It doesn't say send them to the back row, but I admit, I've done that with some rockets people have presented to me. Anyway, if you read the code, it's pretty clear what is required. It just doesn't say rod, rail, or tower. But, yeah, it's pretty obvious.
Maybe there should be some kind of distance requirement for research flight rockets.

California regulations are even more specific about restricting horizontal movement during launch and include HP rockets but I decided to use a national standard that would apply to everyone. If you ever want to see this code right in front of you, have some kind of significant incident with something like the TVC method. So, let's absolutely prevent that.

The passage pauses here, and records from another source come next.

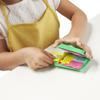 Play Doh Kitchen Creations Ice Cream Party Set with 22 Tools & 6 Colors, 2-Ounce Cans, Back to School Classroom Supplies, Preschool Toys, Ages +3 (Amazon Exclusive) view 3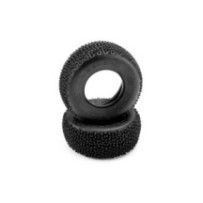 HPI Racing MEGAGRID SC Tire Pink/Short Course Track/2pcs HPI-61754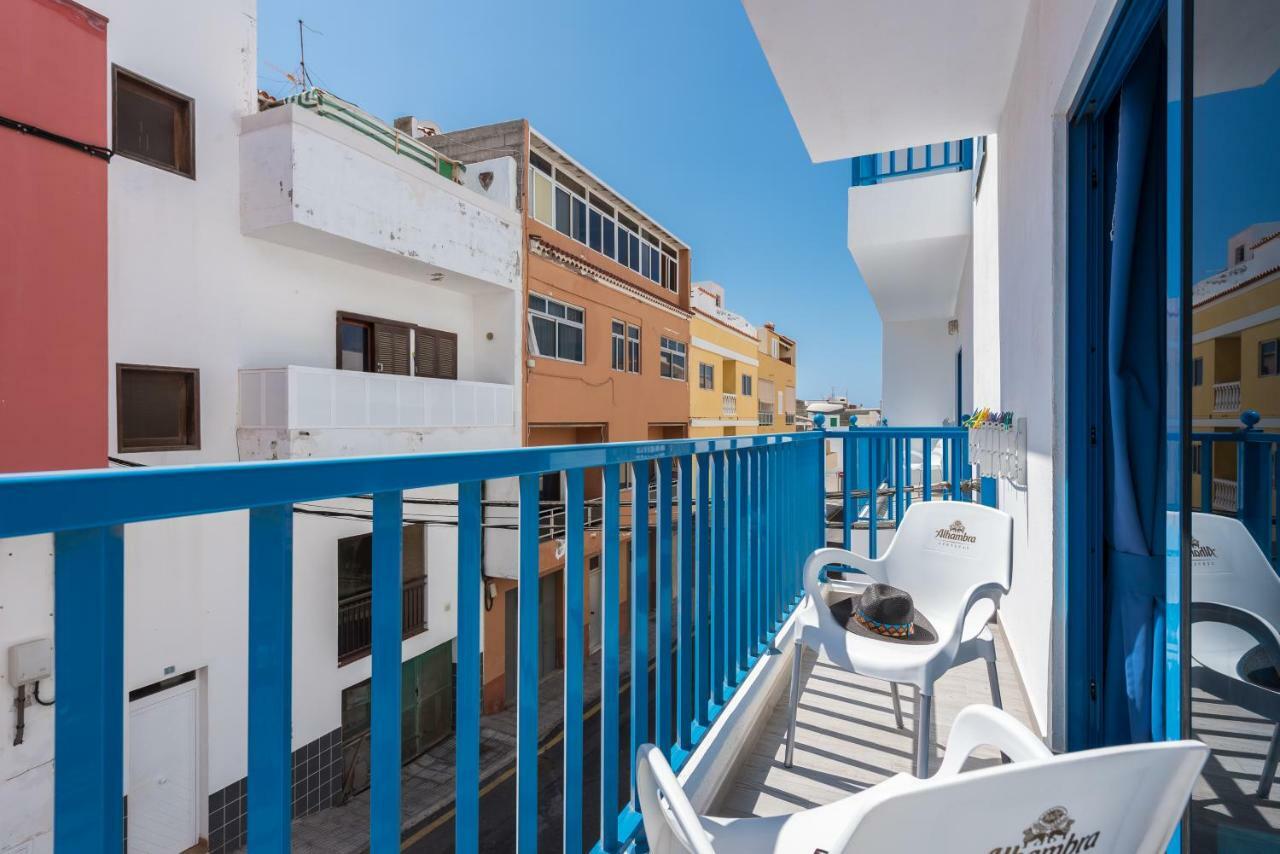 House Los Abrigos Exterior foto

I understand that most TVC method rockets are model sized rockets and long-burn motors, but they could be larger. And, how about a rocket that uses control surfaces like movable canards? Even if the rocket has a traditionally proper CP/CG relationship and the control surfaces don't work correctly, say because the system is not tuned correctly, this could also be a problem.

Codes need to keep up to date and be appropriately revised. People are creative and can make important advancements if they allowed to do so.

I'm even thinking that there should be a minimum certification level for research flights.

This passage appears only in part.